Would you give again, exactly as written, the lines from the opening of the records to the line with "Bague Plaqué Or", that line included and pictures excluded?

(Short web captions)
[Start of section]

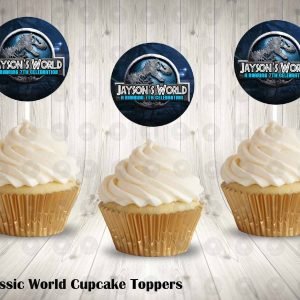 Jurassic World Round Cupcake Toppers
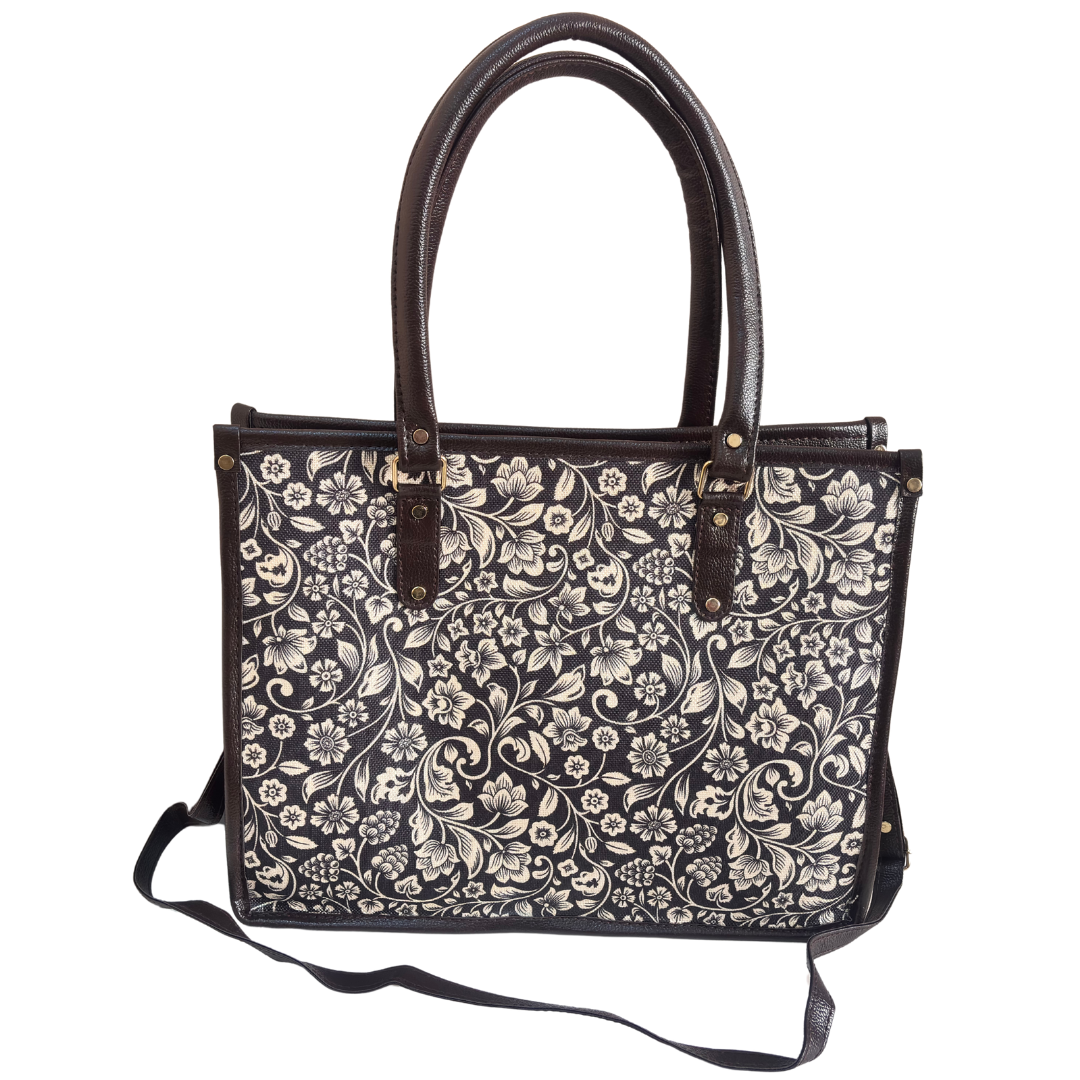 Office Tote Bag for Women | Block Print Rajasthani Tote with Laptop Space & Matching Pouch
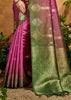 Dahlia Purple Woven Banarasi Silk Saree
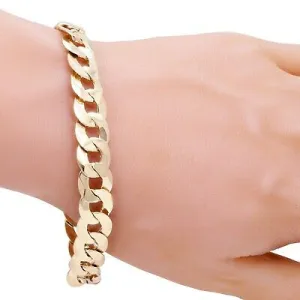 14k Yellow White or Rose Gold Flat Cuban Curb Link Chain Bracelet 7" 9mm 14.8 grams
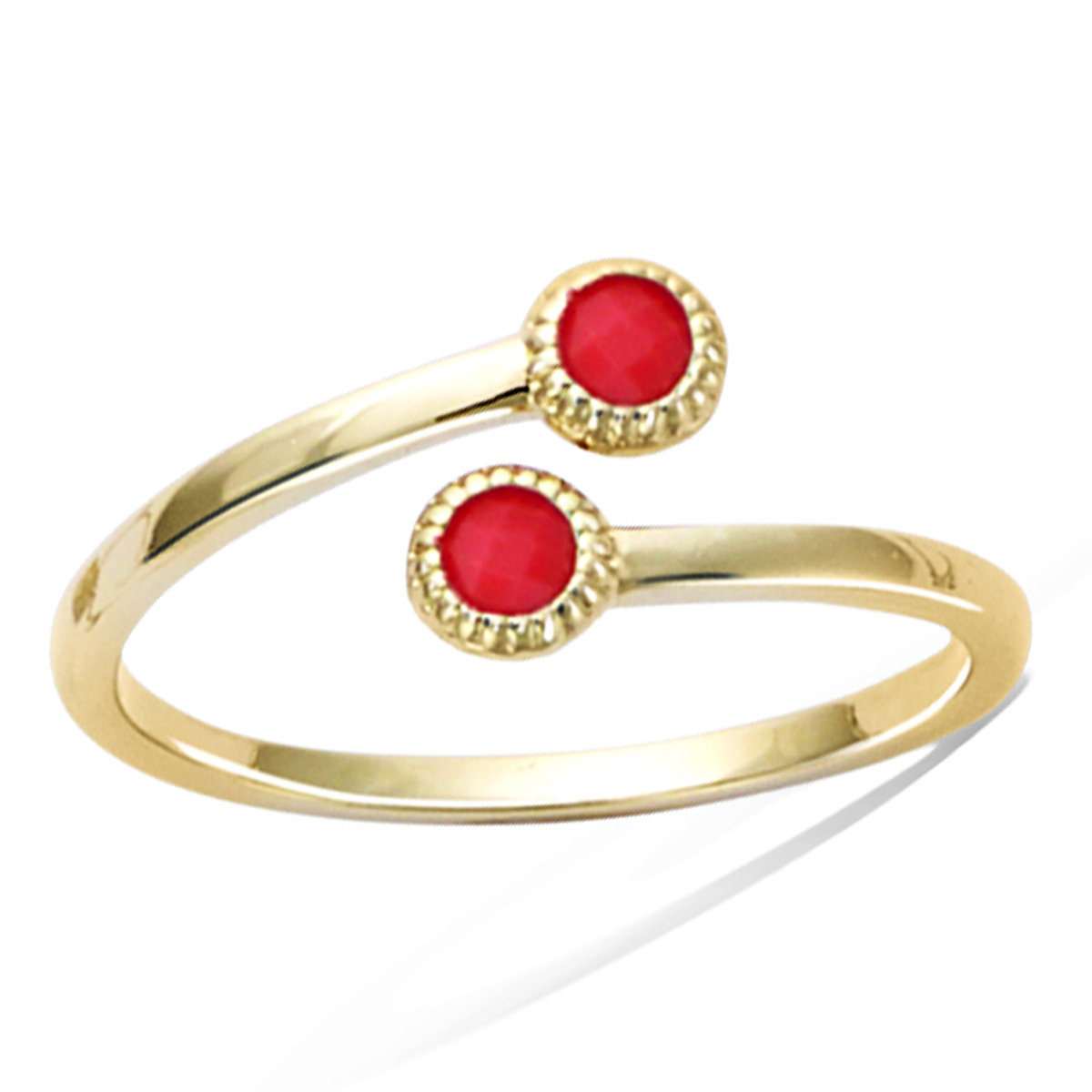 Bague Plaqué Or \'Boho\' corail doré - 9 mm - [R1711]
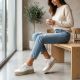 10. Leather platform sneakers, white, Filippo DP6122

[End of section]

ANSWER SPACE
 Jurassic World Round Cupcake Toppers
 Office Tote Bag for Women | Block Print Rajasthani Tote with Laptop Space & Matching Pouch
 Dahlia Purple Woven Banarasi Silk Saree
 14k Yellow White or Rose Gold Flat Cuban Curb Link Chain Bracelet 7" 9mm 14.8 grams
 Bague Plaqué Or \'Boho\' corail doré - 9 mm - [R1711]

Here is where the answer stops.